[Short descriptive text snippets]
-- Opening Marker --

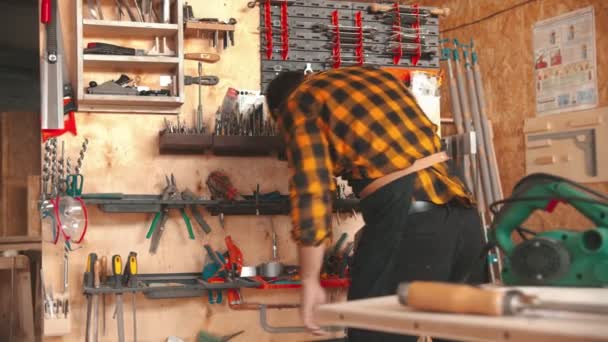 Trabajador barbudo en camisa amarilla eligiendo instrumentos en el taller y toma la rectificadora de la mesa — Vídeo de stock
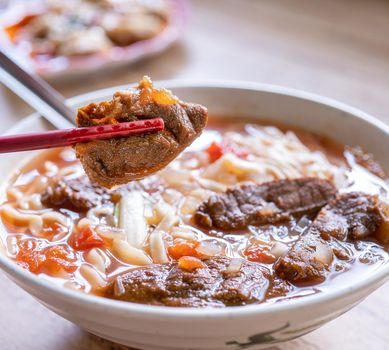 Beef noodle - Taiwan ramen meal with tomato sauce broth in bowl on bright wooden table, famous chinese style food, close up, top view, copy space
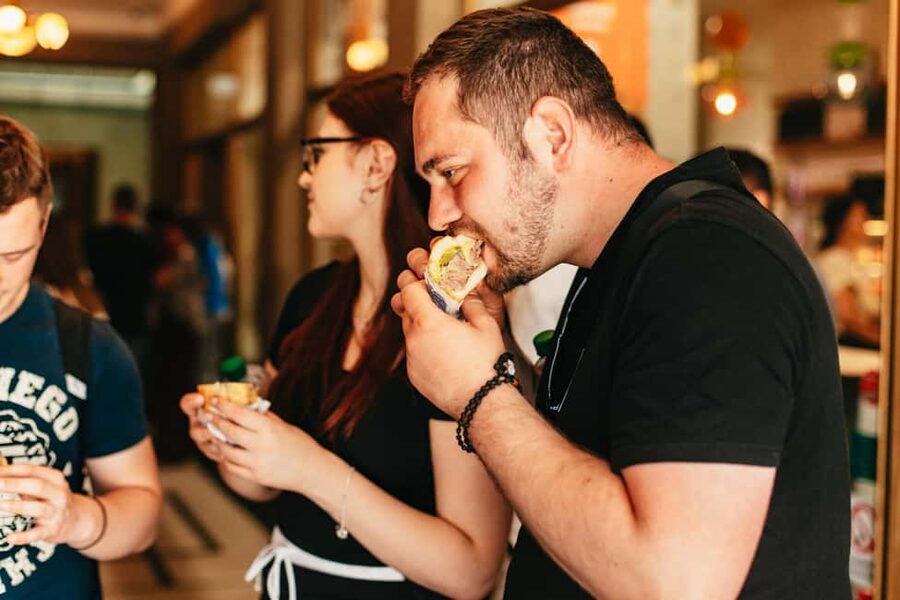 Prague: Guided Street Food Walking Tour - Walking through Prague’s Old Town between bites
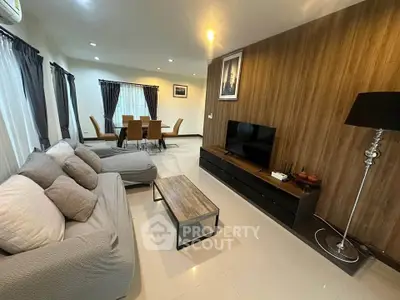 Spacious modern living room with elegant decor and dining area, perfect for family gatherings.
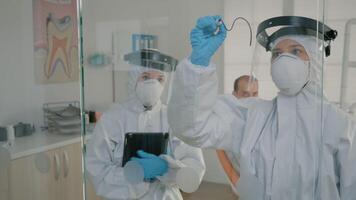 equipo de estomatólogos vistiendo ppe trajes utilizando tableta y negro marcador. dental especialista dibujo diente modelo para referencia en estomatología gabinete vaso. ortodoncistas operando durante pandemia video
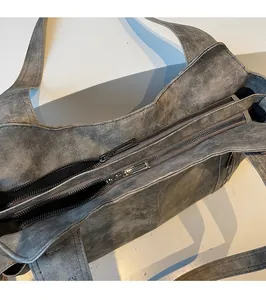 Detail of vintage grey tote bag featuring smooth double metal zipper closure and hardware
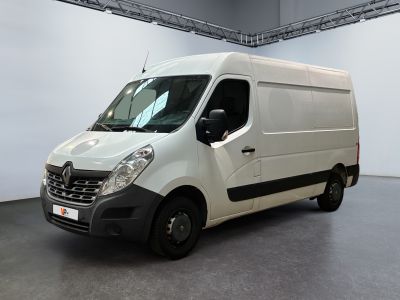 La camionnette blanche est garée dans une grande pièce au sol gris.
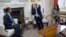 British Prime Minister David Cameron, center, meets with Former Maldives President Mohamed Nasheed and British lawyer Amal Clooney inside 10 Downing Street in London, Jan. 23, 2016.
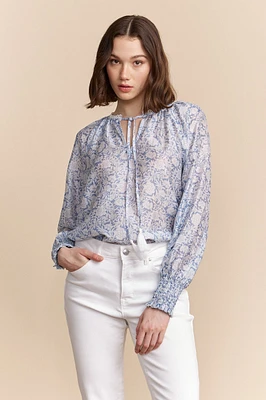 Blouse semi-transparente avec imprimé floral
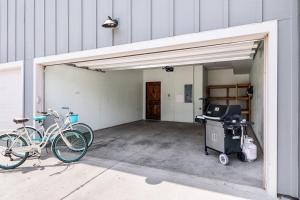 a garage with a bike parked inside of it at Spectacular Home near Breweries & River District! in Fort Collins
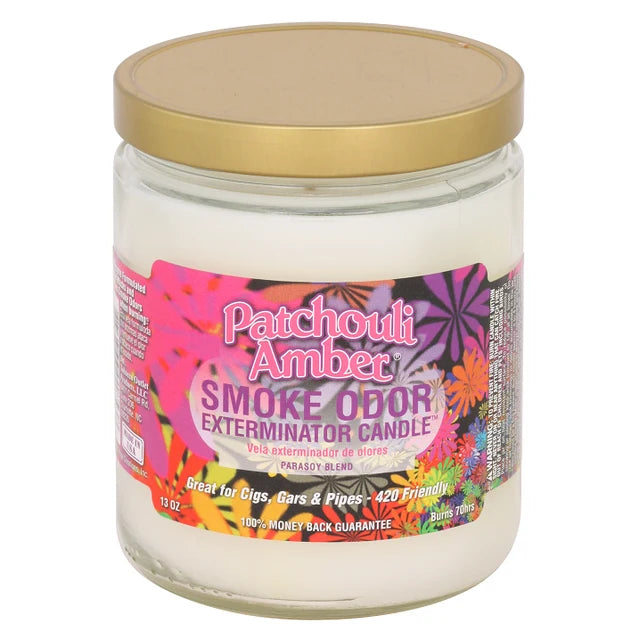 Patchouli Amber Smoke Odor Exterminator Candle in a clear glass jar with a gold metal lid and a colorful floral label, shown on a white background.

-- Closing Marker --

* WHAT YOU HAVE TO DO
Write out every record above exactly, leaving no picture in the result.

* EXERCISE ANSWER
 Trabajador barbudo en camisa amarilla eligiendo instrumentos en el taller y toma la rectificadora de la mesa — Vídeo de stock
 Beef noodle - Taiwan ramen meal with tomato sauce broth in bowl on bright wooden table, famous chinese style food, close up, top view, copy space
 Prague: Guided Street Food Walking Tour - Walking through Prague’s Old Town between bites
 Spacious modern living room with elegant decor and dining area, perfect for family gatherings.
 equipo de estomatólogos vistiendo ppe trajes utilizando tableta y negro marcador. dental especialista dibujo diente modelo para referencia en estomatología gabinete vaso. ortodoncistas operando durante pandemia video
 Detail of vintage grey tote bag featuring smooth double metal zipper closure and hardware
 La camionnette blanche est garée dans une grande pièce au sol gris.
 British Prime Minister David Cameron, center, meets with Former Maldives President Mohamed Nasheed and British lawyer Amal Clooney inside 10 Downing Street in London, Jan. 23, 2016.
 Blouse semi-transparente avec imprimé floral
 a garage with a bike parked inside of it at Spectacular Home near Breweries & River District! in Fort Collins
 Patchouli Amber Smoke Odor Exterminator Candle in a clear glass jar with a gold metal lid and a colorful floral label, shown on a white background.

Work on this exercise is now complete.